→ **What the exercise asks**
Looking at the records below, please say how many lines contain the word "Factory", as a bare number.

Data extracted from a collection
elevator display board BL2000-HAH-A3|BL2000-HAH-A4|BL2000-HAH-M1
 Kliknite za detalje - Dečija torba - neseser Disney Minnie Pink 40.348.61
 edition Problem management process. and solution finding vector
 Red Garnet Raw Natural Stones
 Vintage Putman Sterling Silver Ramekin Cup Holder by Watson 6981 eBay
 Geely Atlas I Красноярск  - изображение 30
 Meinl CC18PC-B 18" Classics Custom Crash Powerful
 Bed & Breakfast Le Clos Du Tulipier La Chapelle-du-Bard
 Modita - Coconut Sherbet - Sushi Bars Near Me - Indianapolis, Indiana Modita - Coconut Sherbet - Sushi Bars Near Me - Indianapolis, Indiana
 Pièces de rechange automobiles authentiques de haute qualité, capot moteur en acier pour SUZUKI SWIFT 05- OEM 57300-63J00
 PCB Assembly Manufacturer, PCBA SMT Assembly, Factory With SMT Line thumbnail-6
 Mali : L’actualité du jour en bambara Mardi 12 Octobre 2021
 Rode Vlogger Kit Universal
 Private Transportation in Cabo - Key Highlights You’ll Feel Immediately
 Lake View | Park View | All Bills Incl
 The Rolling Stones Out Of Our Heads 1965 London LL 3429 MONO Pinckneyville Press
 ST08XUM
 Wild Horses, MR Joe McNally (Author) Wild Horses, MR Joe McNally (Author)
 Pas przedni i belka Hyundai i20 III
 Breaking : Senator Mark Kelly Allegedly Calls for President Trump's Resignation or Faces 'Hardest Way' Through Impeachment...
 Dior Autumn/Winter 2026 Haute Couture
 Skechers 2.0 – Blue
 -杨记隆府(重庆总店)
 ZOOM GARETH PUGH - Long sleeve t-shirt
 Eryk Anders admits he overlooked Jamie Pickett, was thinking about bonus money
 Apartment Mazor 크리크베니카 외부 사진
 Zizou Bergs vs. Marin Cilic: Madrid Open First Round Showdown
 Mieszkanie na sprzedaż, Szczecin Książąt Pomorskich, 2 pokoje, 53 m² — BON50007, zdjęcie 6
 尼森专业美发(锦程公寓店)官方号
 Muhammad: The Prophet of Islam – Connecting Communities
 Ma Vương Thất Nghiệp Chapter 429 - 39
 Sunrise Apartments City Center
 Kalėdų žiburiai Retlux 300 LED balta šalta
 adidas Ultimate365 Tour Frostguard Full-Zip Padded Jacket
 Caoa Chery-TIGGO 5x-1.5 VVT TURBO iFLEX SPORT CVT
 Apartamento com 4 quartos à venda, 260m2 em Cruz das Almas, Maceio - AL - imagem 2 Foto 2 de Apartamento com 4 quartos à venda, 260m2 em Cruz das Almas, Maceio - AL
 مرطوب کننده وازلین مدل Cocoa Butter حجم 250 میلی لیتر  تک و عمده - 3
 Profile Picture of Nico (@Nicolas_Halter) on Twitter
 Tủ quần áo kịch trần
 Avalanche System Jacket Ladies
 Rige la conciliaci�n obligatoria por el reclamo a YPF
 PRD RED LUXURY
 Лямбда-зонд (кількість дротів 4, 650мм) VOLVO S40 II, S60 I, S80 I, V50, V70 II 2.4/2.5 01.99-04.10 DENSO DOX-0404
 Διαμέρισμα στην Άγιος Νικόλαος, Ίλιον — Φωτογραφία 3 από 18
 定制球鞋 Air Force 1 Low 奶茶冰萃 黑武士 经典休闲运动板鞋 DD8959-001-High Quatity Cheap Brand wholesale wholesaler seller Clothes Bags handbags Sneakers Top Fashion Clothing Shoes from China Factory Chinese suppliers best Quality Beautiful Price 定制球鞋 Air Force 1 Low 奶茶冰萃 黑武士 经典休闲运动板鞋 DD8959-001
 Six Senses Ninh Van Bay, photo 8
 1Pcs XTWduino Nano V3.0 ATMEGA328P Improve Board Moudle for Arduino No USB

→ **Worked solution**
2